= Supplied information =

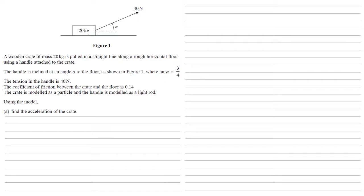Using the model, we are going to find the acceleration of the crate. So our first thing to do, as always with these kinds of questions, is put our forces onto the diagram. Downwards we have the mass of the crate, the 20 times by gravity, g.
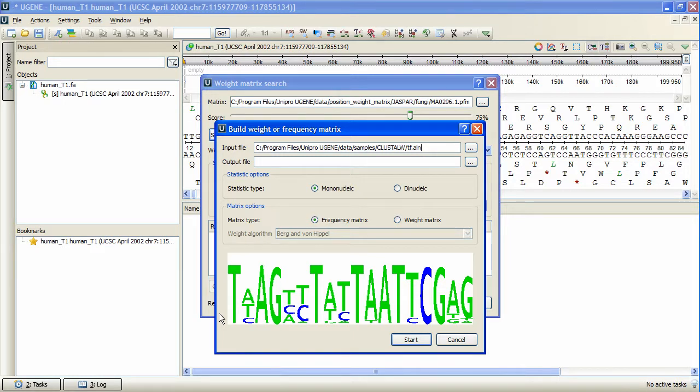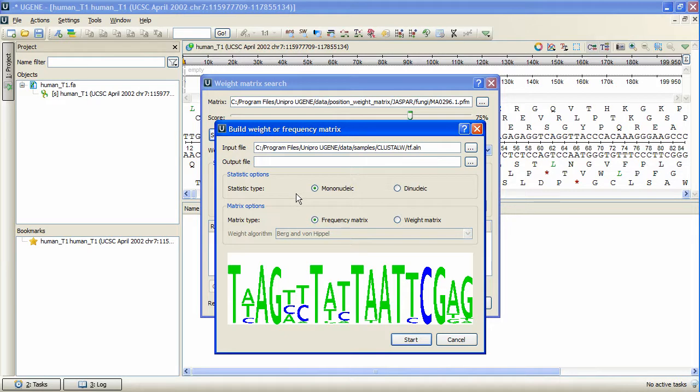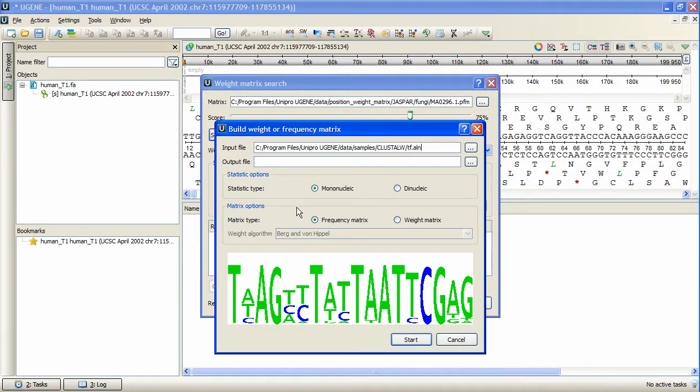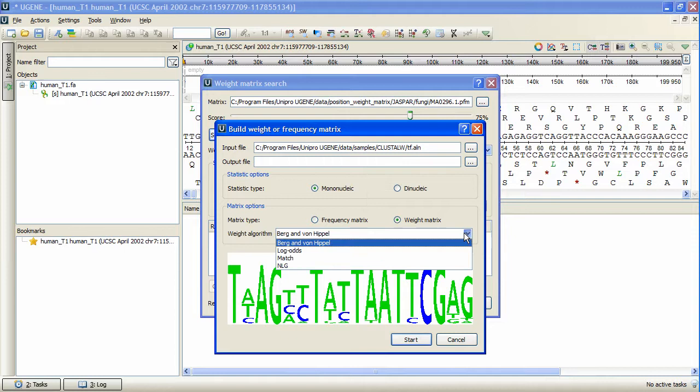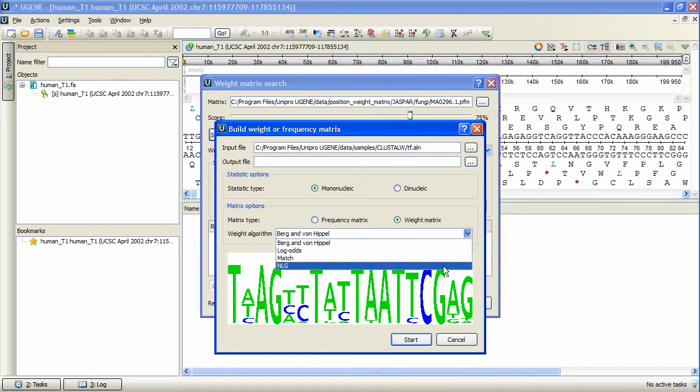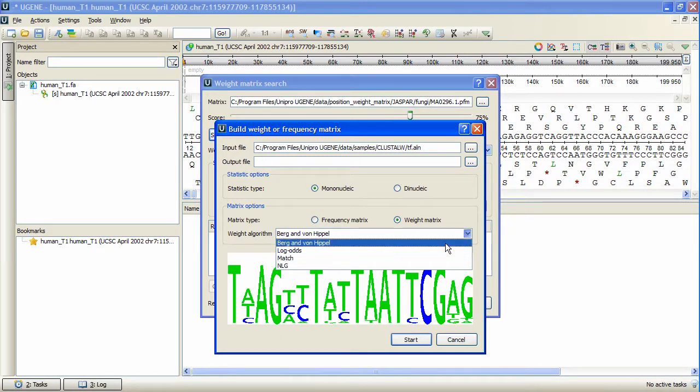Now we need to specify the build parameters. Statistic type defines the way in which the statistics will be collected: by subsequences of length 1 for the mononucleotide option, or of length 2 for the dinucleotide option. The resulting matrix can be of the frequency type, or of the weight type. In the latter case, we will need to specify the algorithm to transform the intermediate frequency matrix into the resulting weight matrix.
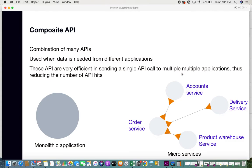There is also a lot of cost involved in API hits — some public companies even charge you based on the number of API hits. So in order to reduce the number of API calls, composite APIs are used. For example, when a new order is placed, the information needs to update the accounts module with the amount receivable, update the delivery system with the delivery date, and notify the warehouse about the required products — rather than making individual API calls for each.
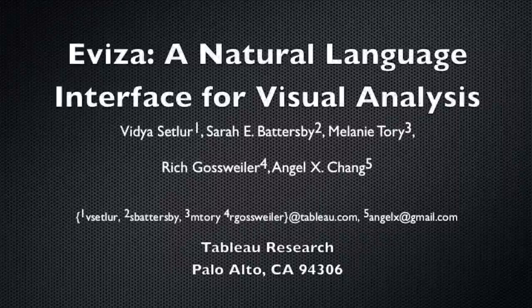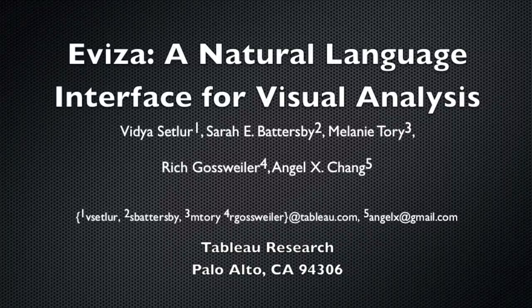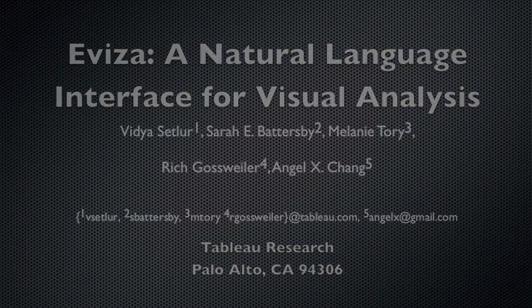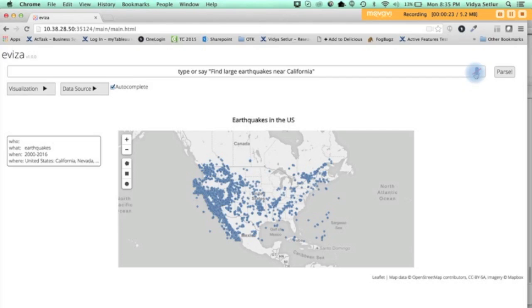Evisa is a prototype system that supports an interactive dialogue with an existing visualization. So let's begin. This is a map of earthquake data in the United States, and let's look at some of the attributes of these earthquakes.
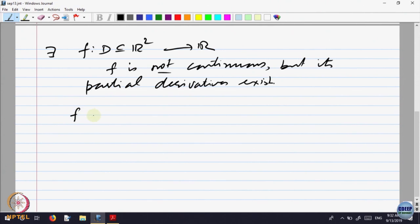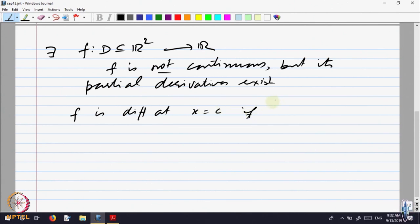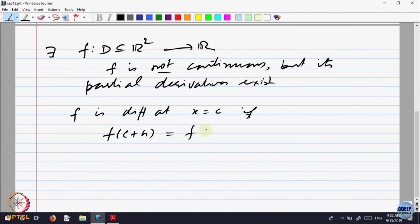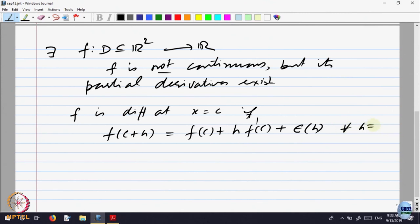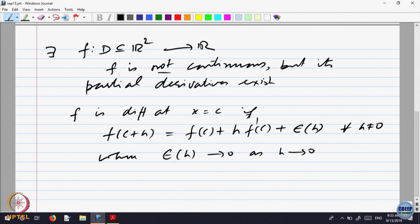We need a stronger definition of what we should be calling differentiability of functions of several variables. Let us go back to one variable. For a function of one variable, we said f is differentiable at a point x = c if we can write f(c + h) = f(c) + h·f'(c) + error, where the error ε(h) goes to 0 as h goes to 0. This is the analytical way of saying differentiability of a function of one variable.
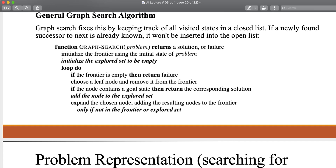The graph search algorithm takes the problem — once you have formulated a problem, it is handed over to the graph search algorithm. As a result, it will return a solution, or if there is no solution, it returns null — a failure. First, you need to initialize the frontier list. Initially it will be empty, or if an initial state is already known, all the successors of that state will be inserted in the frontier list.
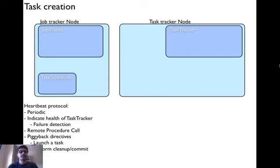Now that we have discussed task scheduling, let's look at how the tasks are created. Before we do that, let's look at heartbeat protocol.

--

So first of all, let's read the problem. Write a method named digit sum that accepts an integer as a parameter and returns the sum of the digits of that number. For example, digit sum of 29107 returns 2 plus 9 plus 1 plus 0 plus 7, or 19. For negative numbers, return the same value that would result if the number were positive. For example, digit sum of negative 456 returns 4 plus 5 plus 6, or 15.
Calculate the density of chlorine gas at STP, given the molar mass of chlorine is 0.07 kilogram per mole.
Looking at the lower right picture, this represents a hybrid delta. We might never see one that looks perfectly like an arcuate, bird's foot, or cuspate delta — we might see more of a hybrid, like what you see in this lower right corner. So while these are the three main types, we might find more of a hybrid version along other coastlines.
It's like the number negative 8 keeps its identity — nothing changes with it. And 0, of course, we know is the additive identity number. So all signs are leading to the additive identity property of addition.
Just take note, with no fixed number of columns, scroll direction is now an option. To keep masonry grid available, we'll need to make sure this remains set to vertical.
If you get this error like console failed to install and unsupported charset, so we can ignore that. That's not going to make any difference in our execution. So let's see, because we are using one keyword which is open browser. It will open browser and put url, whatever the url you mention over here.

= What is needed =
Show all lines above that contain "negative".

= Task output =
So first of all, let's read the problem. Write a method named digit sum that accepts an integer as a parameter and returns the sum of the digits of that number. For example, digit sum of 29107 returns 2 plus 9 plus 1 plus 0 plus 7, or 19. For negative numbers, return the same value that would result if the number were positive. For example, digit sum of negative 456 returns 4 plus 5 plus 6, or 15.
It's like the number negative 8 keeps its identity — nothing changes with it. And 0, of course, we know is the additive identity number. So all signs are leading to the additive identity property of addition.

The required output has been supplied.